My dad’s new wife has him walking on eggshells

Hey Rosie,

So, I had a very nasty exchange with my father’s new wife. My dad remarried after my mother died about three years ago. We were a tight family, always fun-loving, respectful and we could openly communicate with both parents; I have two younger brothers and one older sister. My sister lives in another state and is married; one of my younger brothers, in his early 20s, still lives at home with my dad and his new wife and my other brother lives on his own. The problem is we are always in some sort of conflict with this woman. If we call, she doesn’t give messages; she fusses if he talks to us on the phone, or if we hang out with him. She is giving my dad a lot of pressure to kick my younger brother out of the house. Meanwhile, two of her kids have moved in with their kids!

I know you are going to say that I should give her a chance and try to work it out, but I feel as though she doesn’t want to have us around, only her family. Now, when we go home, it is very uncomfortable. She has gotten rid of many treasures from my mom and dad’s life and I am upset. She could have asked us if we would have liked to take them. Meanwhile, my dad looks like he is walking on eggshells.

I am mad

Hello I am mad,

I can tell! I also see that this transition did not go well at all. I sort of blame your father for not setting the ground rules by which both sides could be respectful to each other. You see, you don’t have to like each other, but you should be at least respectful!

So, as an adult child, you will have to learn to respect your father’s choice of whom he has for a wife. Granted, she will never fill the shoes of your departed mother and this is understandable … but did you give this lady a chance in the beginning, or was it a power play from jump?

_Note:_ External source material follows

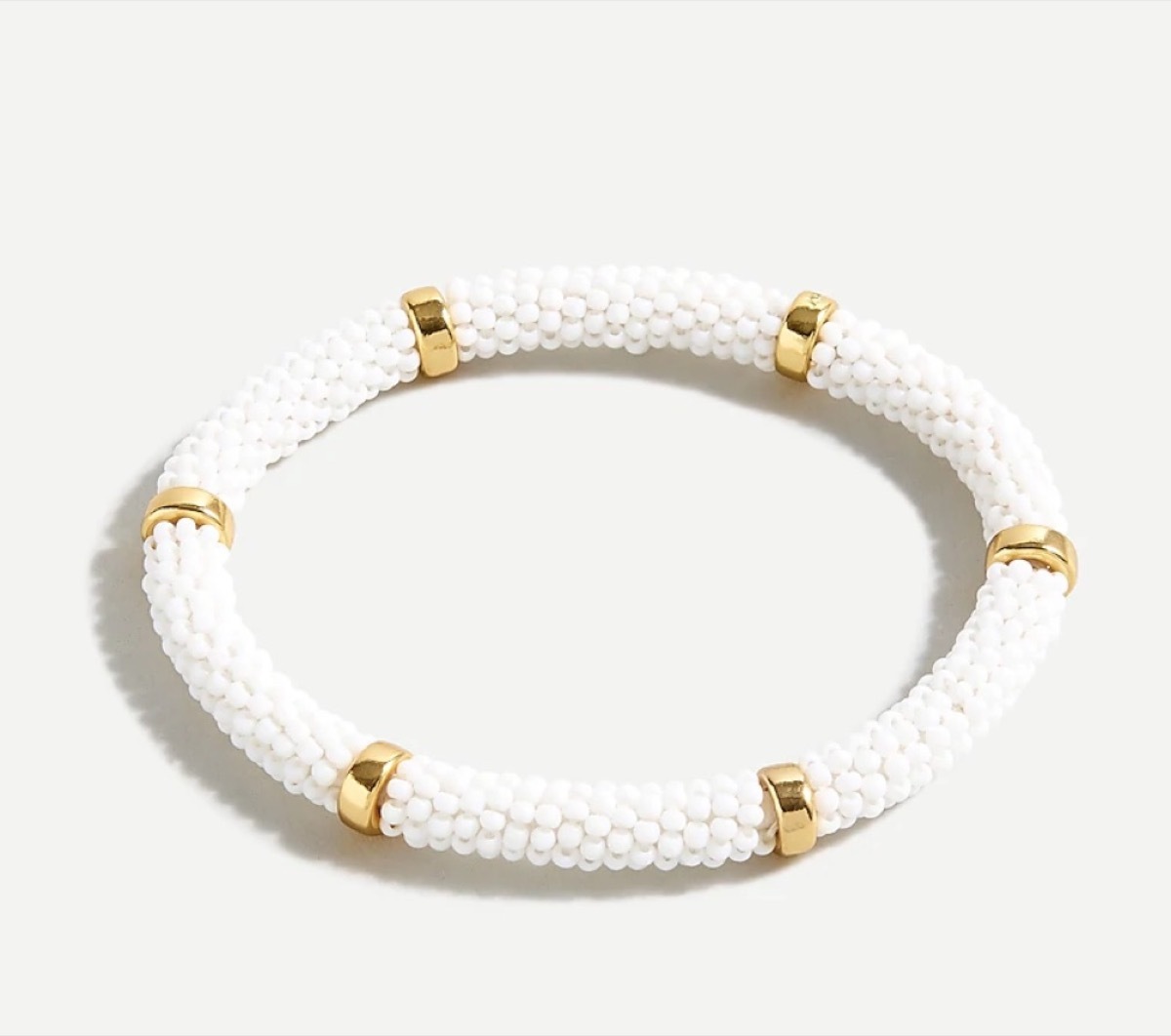 white beaded bangle with gold accents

She also has to learn to extend the olive branch as well, because it is better to have peace than this type of tension. It would be good if she can also call a truce and reset this union of both sides of the family… if this does happen, put down the pick axes and be open to her gestures of openness.

Finally, ask your dad to help broker a deal for a meeting between both sides. Game rules should be set up in terms of respect and giving everyone a chance to peacefully express their opinions. Only he can do this at this point; he is the head of the house.

I do hope some sort of positive change will come out of this mess. Good luck, and be open to any positive movements towards a truce.